Stored data
-=-=-=-=-

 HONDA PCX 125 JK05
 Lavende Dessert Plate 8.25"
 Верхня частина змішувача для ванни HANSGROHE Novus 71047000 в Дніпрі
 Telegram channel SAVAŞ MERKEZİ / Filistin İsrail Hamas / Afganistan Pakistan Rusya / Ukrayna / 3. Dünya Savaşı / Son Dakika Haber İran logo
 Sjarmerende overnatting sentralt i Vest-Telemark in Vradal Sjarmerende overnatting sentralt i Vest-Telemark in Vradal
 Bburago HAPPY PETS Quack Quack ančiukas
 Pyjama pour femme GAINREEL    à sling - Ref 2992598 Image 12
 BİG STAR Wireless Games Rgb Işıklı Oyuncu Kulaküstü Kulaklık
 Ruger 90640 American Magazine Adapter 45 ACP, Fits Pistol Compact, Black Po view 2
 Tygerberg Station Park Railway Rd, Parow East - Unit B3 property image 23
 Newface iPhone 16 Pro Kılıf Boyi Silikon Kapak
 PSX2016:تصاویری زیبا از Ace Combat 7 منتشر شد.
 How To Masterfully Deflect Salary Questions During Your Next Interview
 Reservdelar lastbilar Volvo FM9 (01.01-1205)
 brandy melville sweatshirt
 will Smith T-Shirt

-=-=-=-=-

Task to complete
In the entries above, one line contains "Pyjama pour femme" and another contains "PSX2016:تصاویری زیبا از". Reproduce exactly those two lines and the lines between them, nothing else.

Written solution
 Pyjama pour femme GAINREEL    à sling - Ref 2992598 Image 12
 BİG STAR Wireless Games Rgb Işıklı Oyuncu Kulaküstü Kulaklık
 Ruger 90640 American Magazine Adapter 45 ACP, Fits Pistol Compact, Black Po view 2
 Tygerberg Station Park Railway Rd, Parow East - Unit B3 property image 23
 Newface iPhone 16 Pro Kılıf Boyi Silikon Kapak
 PSX2016:تصاویری زیبا از Ace Combat 7 منتشر شد.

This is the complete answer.